* _WORK ITEM_: Could you set down the lines below, from the one containing "Wallpaper Mural Enchanted" through the final line, exactly as written?

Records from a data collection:

++++++++++++++++++++

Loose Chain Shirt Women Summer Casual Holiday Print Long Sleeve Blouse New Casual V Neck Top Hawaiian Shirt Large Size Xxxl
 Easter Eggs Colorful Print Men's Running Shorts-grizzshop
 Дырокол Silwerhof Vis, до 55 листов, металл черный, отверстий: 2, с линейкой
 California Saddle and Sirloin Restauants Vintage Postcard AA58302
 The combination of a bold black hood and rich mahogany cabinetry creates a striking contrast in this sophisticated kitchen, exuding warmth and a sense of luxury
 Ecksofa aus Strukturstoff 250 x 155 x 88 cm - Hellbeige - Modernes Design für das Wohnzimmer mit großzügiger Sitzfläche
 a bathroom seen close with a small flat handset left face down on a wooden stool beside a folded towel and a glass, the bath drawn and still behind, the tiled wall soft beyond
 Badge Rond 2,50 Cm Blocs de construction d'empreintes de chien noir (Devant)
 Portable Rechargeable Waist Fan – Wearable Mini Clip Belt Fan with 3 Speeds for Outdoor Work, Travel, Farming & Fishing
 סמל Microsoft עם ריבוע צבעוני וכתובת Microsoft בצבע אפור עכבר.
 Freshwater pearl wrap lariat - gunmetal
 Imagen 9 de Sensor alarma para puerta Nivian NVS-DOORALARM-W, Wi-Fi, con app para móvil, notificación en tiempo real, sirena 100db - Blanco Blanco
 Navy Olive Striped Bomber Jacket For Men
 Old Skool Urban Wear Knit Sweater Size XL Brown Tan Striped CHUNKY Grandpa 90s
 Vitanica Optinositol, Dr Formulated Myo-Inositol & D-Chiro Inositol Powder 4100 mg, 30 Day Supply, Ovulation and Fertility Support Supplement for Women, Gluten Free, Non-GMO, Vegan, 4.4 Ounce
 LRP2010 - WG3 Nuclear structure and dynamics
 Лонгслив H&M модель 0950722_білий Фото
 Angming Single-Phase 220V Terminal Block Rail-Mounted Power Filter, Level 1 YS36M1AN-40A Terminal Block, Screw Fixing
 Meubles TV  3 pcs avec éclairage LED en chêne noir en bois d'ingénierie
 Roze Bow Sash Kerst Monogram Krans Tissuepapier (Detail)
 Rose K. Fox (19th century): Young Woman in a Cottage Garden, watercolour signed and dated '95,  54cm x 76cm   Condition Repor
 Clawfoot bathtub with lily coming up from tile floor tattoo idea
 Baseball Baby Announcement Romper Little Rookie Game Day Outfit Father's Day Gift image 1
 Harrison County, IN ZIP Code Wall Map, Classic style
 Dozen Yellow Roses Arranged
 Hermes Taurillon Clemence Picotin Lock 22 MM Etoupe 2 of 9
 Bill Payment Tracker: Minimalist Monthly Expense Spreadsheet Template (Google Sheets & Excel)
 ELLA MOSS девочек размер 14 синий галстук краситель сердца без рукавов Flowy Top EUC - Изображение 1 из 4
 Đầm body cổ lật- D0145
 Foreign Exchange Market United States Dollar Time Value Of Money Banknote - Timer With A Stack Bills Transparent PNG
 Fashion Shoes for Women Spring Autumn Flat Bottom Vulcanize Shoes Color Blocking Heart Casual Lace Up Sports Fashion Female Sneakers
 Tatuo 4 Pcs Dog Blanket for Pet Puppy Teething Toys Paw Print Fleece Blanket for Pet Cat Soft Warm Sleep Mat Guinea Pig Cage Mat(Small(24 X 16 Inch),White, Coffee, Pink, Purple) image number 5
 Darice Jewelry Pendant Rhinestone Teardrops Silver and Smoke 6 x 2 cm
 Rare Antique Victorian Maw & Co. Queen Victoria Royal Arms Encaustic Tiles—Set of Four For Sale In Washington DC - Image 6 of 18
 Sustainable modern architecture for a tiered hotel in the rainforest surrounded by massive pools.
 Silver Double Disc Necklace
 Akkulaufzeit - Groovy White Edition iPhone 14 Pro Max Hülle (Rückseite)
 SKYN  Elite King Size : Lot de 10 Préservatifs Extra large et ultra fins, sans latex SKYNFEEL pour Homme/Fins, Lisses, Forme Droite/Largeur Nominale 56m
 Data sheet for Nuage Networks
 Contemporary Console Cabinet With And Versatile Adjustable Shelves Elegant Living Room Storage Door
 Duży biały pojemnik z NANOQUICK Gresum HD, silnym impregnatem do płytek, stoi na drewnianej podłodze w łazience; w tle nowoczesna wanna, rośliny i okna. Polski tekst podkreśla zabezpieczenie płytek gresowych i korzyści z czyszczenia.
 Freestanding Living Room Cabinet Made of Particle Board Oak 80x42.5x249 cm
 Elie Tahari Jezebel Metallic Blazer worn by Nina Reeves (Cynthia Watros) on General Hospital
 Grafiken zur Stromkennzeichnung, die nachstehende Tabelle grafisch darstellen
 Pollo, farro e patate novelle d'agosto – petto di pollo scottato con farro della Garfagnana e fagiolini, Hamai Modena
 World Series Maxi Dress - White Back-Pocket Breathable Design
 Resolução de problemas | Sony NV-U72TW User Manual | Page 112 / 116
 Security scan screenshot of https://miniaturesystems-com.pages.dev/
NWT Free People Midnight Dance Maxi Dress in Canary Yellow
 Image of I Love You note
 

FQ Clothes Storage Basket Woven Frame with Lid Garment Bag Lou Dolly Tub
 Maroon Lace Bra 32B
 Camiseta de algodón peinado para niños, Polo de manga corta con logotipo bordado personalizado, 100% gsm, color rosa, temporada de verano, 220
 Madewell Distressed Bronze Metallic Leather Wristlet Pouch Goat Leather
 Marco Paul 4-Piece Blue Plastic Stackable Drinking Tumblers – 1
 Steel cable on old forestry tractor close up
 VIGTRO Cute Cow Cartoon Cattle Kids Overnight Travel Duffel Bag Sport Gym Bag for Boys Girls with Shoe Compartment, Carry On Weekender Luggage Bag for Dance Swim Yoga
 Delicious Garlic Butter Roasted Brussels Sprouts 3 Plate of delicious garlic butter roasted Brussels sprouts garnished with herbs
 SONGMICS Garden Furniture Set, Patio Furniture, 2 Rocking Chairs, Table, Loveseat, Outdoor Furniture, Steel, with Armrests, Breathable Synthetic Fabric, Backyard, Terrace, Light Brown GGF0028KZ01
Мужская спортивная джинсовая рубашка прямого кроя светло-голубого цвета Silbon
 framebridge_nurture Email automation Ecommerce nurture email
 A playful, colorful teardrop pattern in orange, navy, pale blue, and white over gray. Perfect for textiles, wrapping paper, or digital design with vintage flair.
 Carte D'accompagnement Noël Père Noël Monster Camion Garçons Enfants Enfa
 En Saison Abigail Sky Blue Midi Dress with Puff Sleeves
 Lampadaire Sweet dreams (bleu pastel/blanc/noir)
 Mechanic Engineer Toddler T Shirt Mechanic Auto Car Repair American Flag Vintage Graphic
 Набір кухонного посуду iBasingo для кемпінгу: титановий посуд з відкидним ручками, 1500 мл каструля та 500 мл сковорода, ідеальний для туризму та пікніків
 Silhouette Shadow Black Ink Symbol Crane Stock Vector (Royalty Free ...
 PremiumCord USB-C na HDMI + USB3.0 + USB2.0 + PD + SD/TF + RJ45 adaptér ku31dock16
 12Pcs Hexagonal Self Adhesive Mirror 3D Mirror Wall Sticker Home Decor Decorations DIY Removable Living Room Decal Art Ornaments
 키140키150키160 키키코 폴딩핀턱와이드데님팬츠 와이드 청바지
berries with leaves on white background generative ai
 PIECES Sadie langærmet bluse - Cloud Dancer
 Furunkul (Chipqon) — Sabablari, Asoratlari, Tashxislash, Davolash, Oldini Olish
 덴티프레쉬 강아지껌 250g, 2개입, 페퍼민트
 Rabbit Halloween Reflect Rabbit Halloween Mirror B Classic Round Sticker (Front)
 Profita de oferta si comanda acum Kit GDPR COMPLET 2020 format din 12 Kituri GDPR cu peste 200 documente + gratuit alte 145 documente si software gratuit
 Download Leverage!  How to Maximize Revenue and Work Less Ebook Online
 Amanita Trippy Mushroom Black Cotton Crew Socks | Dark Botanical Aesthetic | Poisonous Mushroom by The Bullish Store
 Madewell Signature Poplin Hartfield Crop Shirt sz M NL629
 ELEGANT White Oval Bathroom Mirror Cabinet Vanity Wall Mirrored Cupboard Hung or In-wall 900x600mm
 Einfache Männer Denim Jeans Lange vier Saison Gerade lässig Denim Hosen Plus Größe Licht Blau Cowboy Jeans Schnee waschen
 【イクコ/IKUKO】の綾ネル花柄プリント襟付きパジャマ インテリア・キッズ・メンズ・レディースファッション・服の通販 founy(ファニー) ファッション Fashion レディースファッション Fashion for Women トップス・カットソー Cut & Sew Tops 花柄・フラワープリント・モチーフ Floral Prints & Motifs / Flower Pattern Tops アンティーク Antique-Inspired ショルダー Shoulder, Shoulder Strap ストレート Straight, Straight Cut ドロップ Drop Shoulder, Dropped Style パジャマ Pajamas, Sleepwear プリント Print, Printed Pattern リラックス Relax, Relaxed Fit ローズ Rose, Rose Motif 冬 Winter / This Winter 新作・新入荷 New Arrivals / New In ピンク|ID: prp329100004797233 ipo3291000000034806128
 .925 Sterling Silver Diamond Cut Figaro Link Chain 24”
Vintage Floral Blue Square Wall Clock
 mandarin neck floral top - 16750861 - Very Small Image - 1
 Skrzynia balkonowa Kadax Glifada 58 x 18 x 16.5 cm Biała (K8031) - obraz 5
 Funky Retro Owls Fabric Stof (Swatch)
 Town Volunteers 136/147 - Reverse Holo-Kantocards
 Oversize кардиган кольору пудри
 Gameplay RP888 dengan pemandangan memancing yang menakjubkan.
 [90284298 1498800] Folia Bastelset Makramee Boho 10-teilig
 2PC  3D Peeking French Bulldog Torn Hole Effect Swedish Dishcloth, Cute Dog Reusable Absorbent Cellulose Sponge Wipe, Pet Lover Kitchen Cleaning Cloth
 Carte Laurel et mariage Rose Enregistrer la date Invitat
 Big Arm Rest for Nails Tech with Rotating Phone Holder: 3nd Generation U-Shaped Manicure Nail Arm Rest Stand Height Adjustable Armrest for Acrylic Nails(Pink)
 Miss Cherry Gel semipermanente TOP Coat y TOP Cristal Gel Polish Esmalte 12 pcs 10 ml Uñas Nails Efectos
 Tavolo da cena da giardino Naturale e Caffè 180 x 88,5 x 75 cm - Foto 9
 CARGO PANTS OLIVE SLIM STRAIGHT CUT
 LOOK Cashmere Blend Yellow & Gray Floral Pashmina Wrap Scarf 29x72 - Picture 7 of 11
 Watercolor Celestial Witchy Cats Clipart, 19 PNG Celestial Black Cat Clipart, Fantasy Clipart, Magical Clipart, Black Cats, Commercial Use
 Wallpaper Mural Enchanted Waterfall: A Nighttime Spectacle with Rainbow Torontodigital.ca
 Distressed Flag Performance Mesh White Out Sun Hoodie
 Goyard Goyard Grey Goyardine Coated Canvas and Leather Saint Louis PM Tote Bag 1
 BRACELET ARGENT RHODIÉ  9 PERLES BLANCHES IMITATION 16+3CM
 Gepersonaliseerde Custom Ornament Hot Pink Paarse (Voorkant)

++++++++++++++++++++

* _TASK RESPONSE_:
 Wallpaper Mural Enchanted Waterfall: A Nighttime Spectacle with Rainbow Torontodigital.ca
 Distressed Flag Performance Mesh White Out Sun Hoodie
 Goyard Goyard Grey Goyardine Coated Canvas and Leather Saint Louis PM Tote Bag 1
 BRACELET ARGENT RHODIÉ  9 PERLES BLANCHES IMITATION 16+3CM
 Gepersonaliseerde Custom Ornament Hot Pink Paarse (Voorkant)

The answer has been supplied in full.